= Exercise =
Print, exactly and without pictures, the lines from the one where "protège oreiller classique" appears down to the end of the entries.

= Collected data entries =
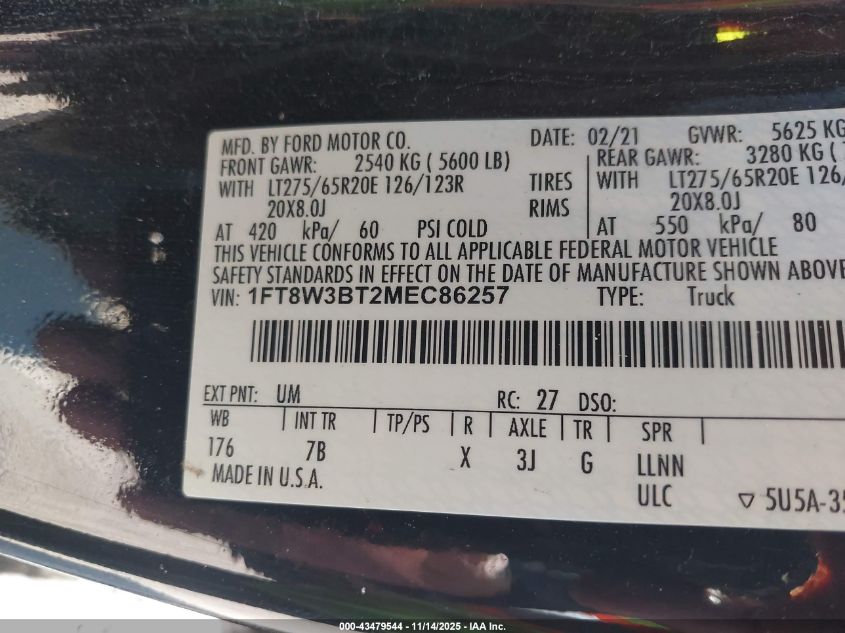 2021 Ford F-350 Platinum VIN: 1FT8W3BT2MEC86257 Lot: 43479544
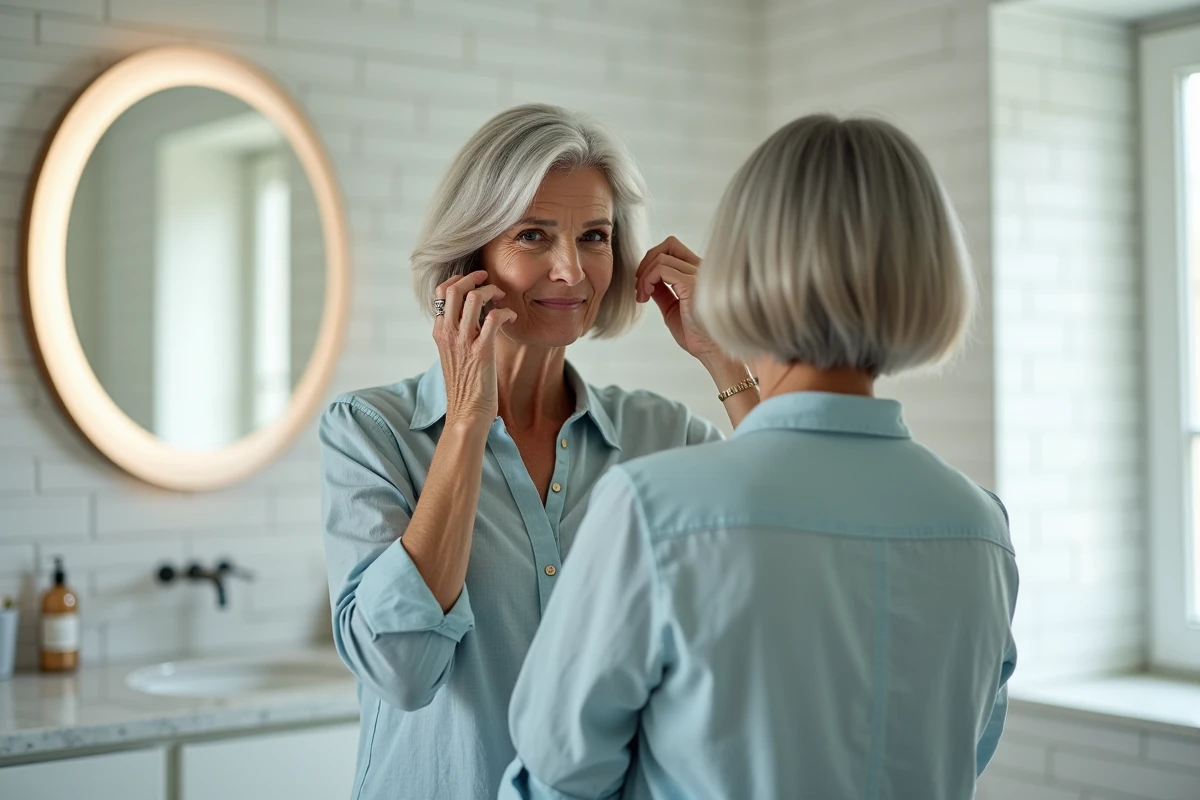 Femme de plus de 70 ans avec cheveux fins gris coiffée d'un carré court texturisé, se coiffant devant un miroir dans une salle de bain claire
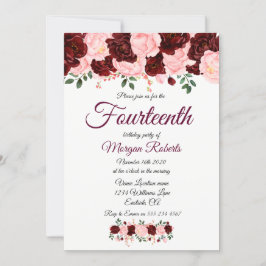 Burgund Pink Rose 14. Geburtstagsparty Einladung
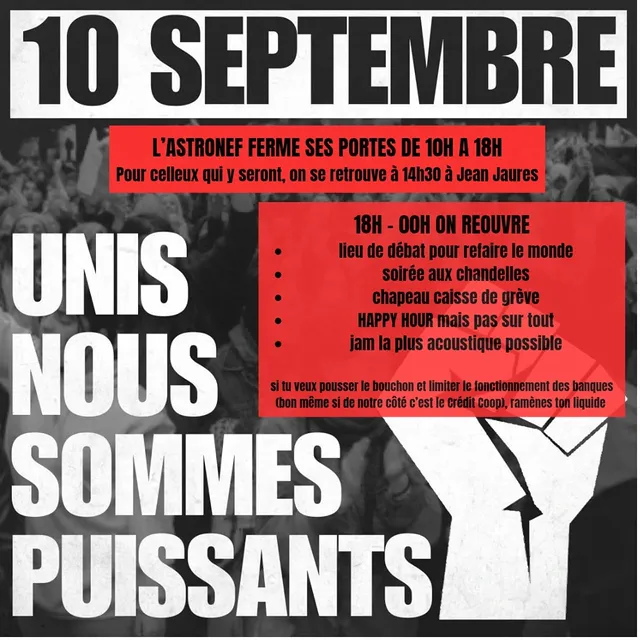 Réouverture spéciale grève: débat, chandelles, happy hour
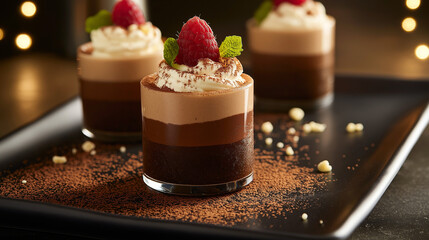 Indulge in homemade chocolate mousse dessert cozy atmosphere minimalist food photography dark chocolate layers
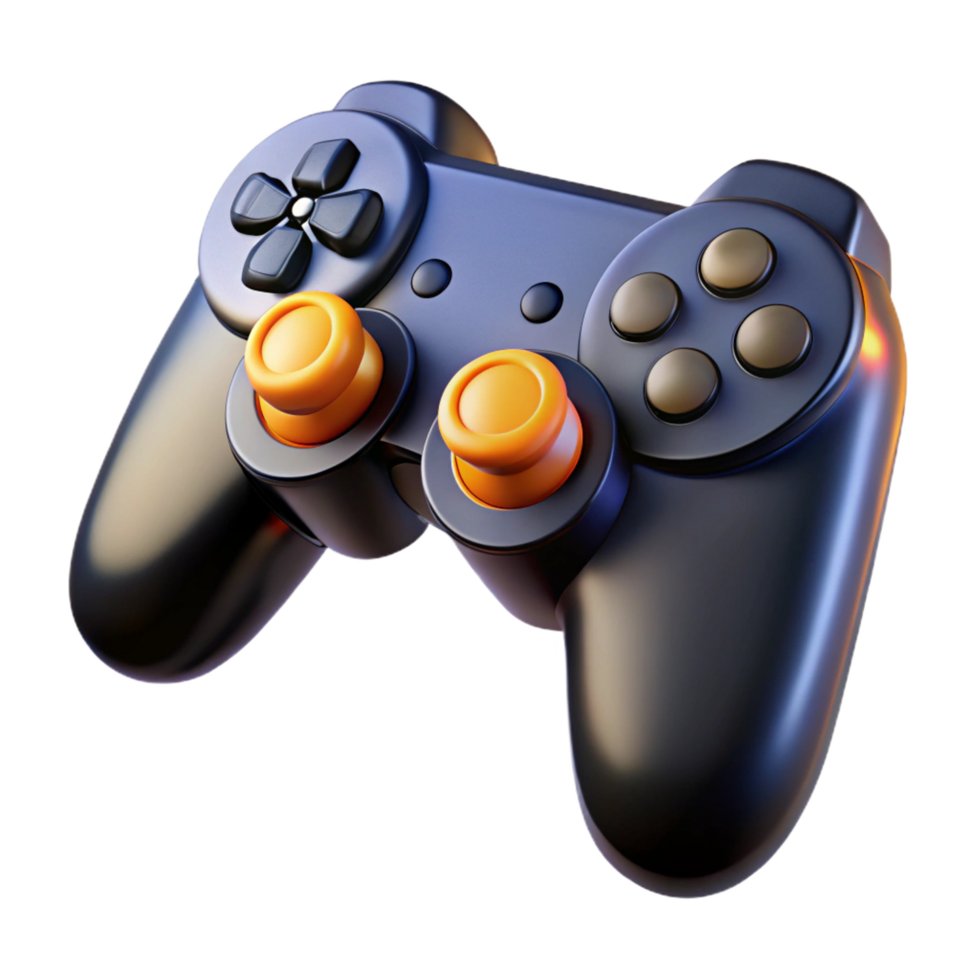 distinguished gothic A game controller, black with buttons and joysticks. NO BACKGROUND with Transparent Background. museum quality png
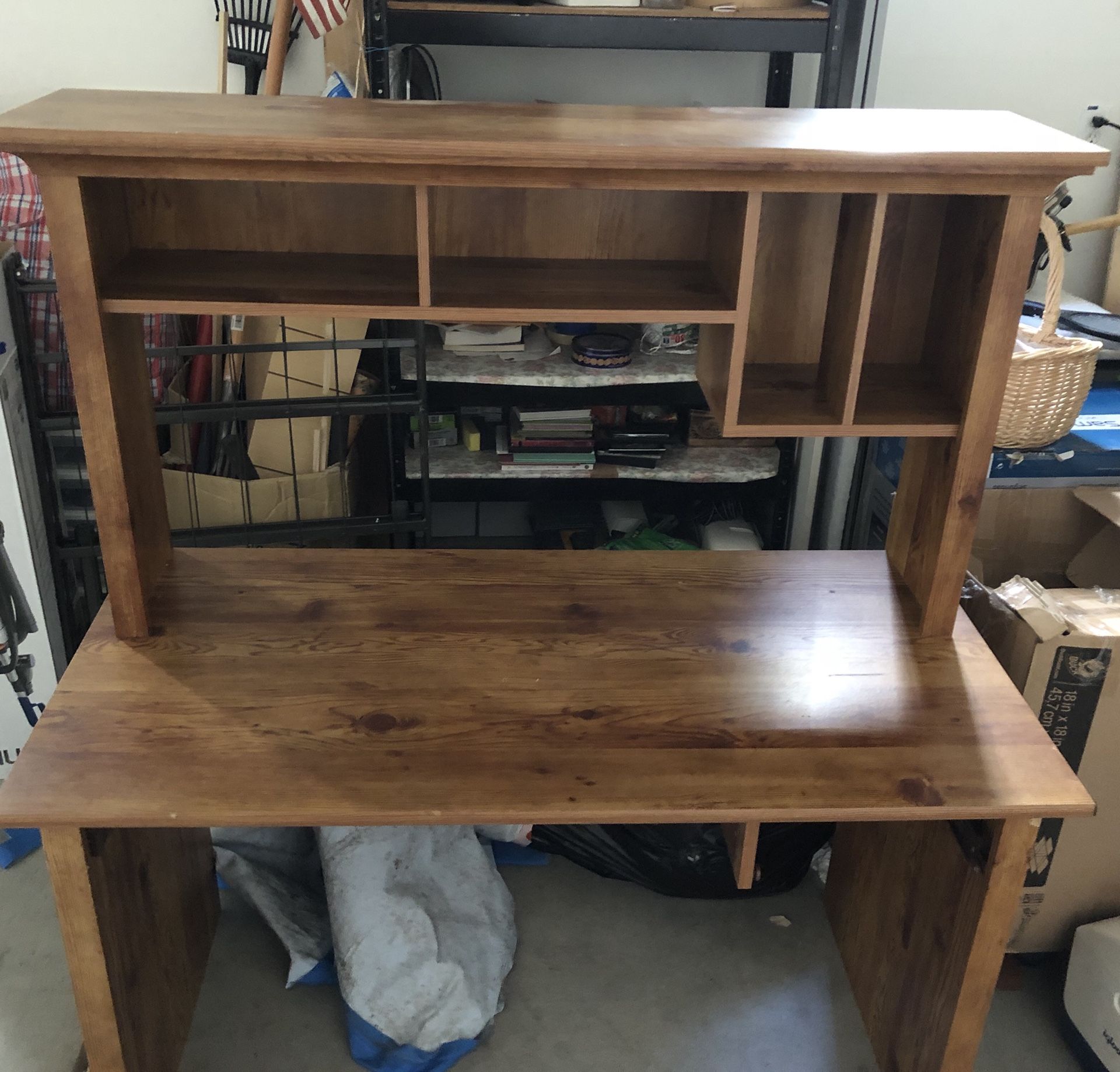 Wooden desk with hutch for sale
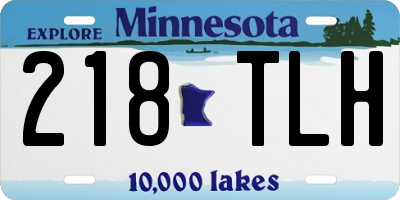 MN license plate 218TLH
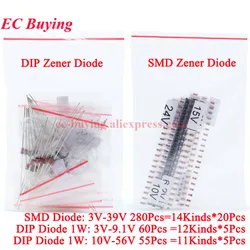 280Pcs-55Pcs Zener Diode Assorted Kit DIY SMD DIP 3V~39V 3V-9.1V 10V~56V 1W LL34 1206 ZMM SM Electronic Components Package Suit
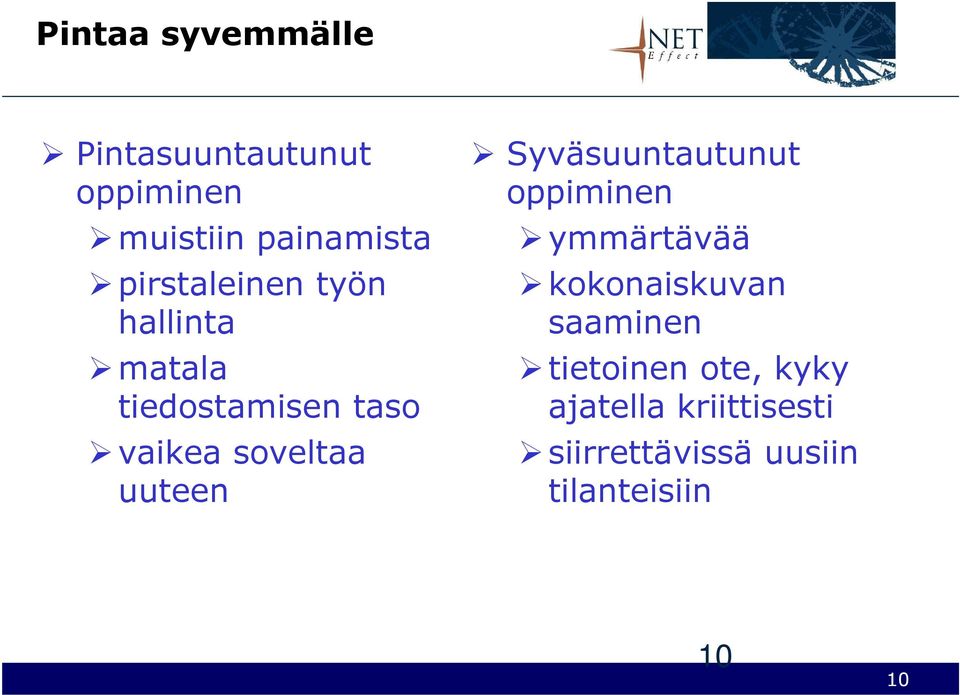 uuteen Syväsuuntautunut oppiminen ymmärtävää kokonaiskuvan saaminen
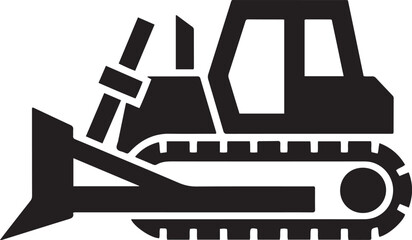 Bulldozer icon Flat Vector illustration. Simple black symbols. black icon silhouette vector © jinnatun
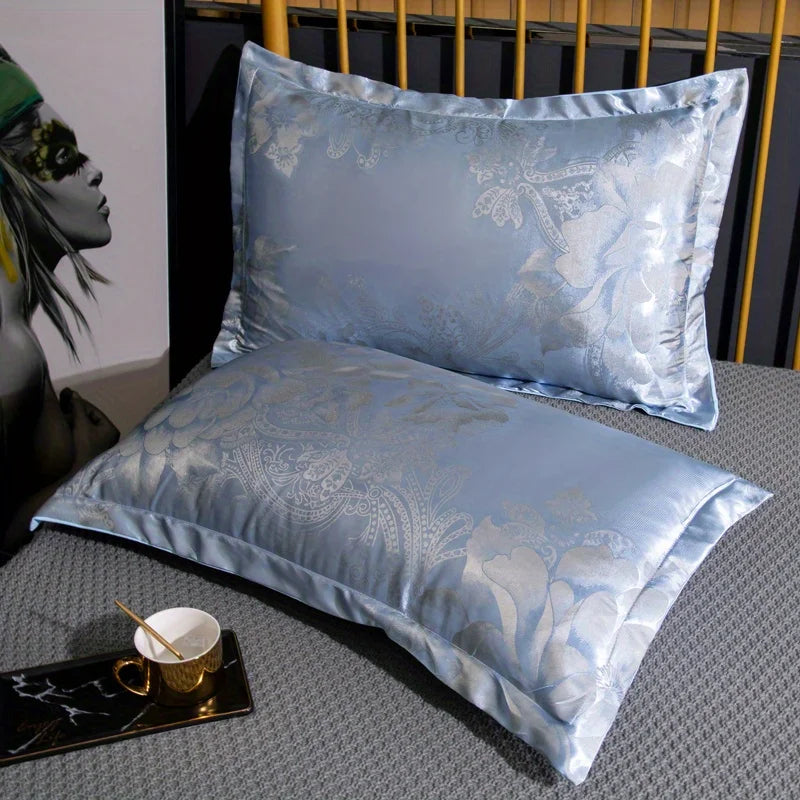 protège oreiller classique fleurs bleu marine beige broderie polyester lit chambre coucher couple deco
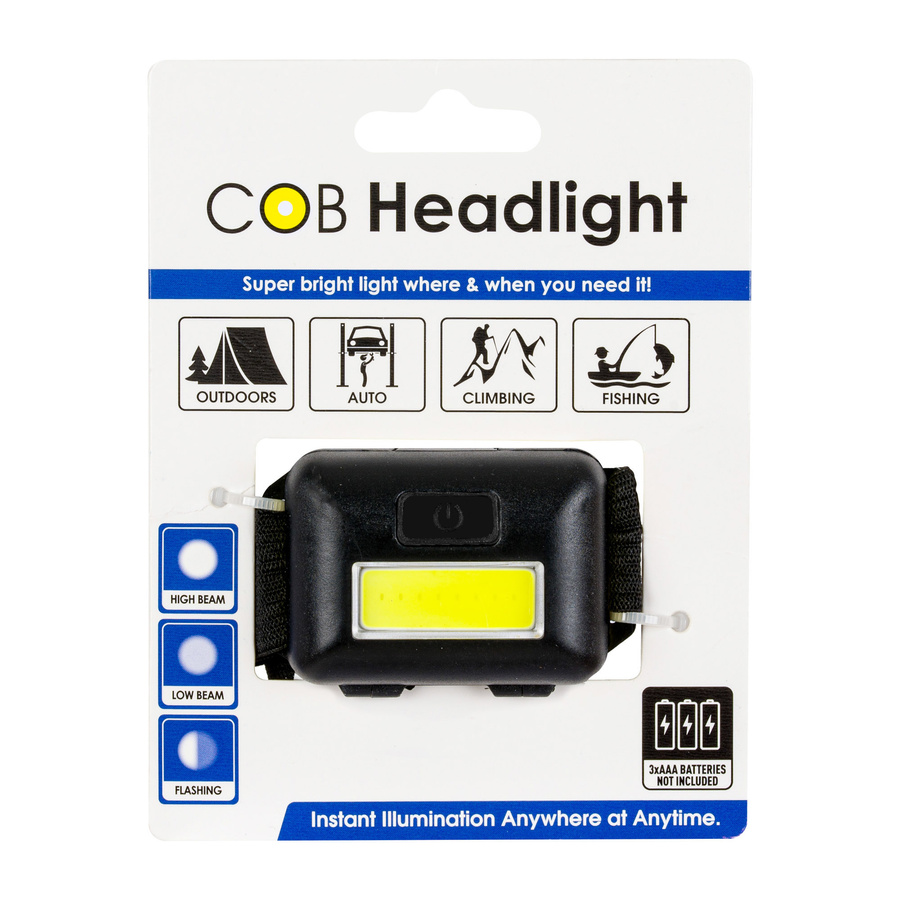 Latarka czołowa COB - czarna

= Reply =
 protège oreiller classique fleurs bleu marine beige broderie polyester lit chambre coucher couple deco
 Latarka czołowa COB - czarna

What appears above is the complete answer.